Susan Tomasky (1953)

Year of Election or Appointment: 2020

Trustee

Ms. Tomasky also serves as Trustee of other Fidelity® funds. Prior to her retirement, Ms. Tomasky served in various executive officer positions at American Electric Power Company, Inc. (1998-2011), including most recently as President of AEP Transmission (2007-2011). Ms. Tomasky currently serves as a member of the Board and Sustainability Committee and as Chair of the Audit Committee of Marathon Petroleum Corporation (2018-present) and as a member of the Board, Corporate Governance Committee and Organization and Compensation Committee and as Chair of the Audit Committee of Public Service Enterprise Group, Inc. (utilities company, 2012-present).

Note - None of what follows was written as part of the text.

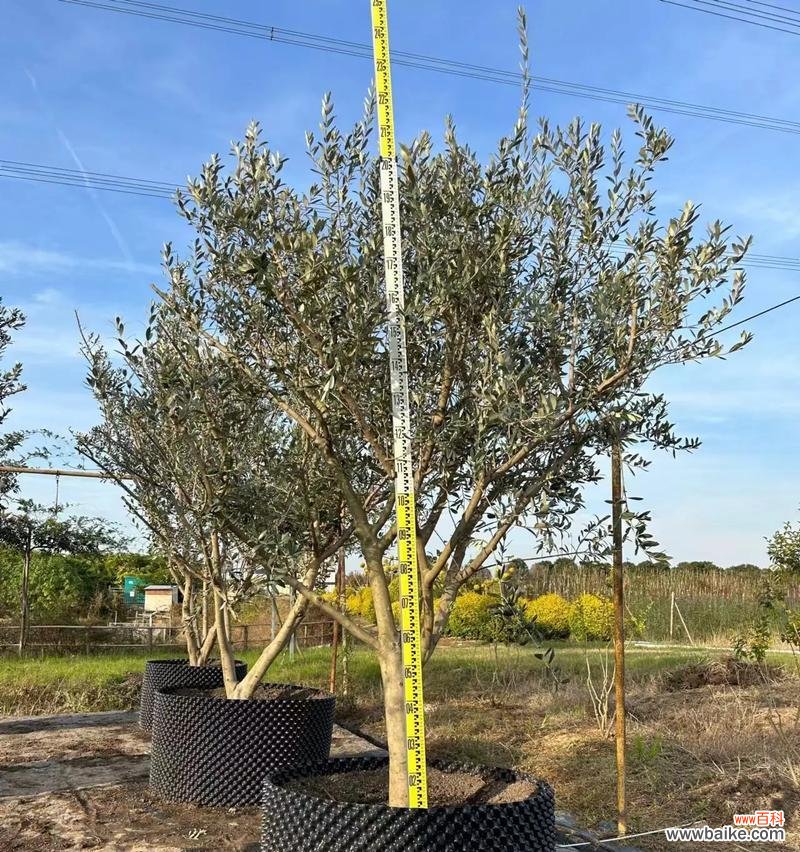 探寻橄榄花的美丽与深刻意义 橄榄花的象征意义——生命与和平的象征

In addition, Ms. Tomasky currently serves as a member (2009-present) and President (2020-present) of the Board of the Royal Shakespeare Company – America (2009-present), as a member of the Board of the Columbus Association for the Performing Arts (2011-present) and as a member of the Board and Investment Committee of Kenyon College (2016-present). Previously, Ms. Tomasky served as a Member of the Advisory Board of certain Fidelity® funds (2020), as a member of the Board of the Columbus Regional Airport Authority (2007-2020), as a member of the Board (2011-2018) and Lead Independent Director (2015-2018) of Andeavor Corporation (previously Tesoro Corporation) (independent oil refiner and marketer) and as a member of the Board of Summit Midstream Partners LP (energy, 2012-2018).

Michael E. Wiley (1950)

Year of Election or Appointment: 2020

Trustee

Mr. Wiley also serves as Trustee of other Fidelity® funds. Previously, Mr. Wiley served as a member of the Advisory Board of certain Fidelity® funds (2018-2020), Chairman, President and CEO of Baker Hughes, Inc. (oilfield services, 2000-2004). Mr. Wiley also previously served as a member of the Board of Andeavor Corporation (independent oil refiner and marketer, 2005-2018), a member of the Board of Andeavor Logistics LP (natural resources logistics, 2015-2018) and a member of the Board of High Point Resources (exploration and production, 2005-2020).

 + The information includes the Trustee's principal occupation during the last five years and other information relating to the experience, attributes, and skills relevant to the Trustee's qualifications to serve as a Trustee, which led to the conclusion that the Trustee should serve as a Trustee for the fund. 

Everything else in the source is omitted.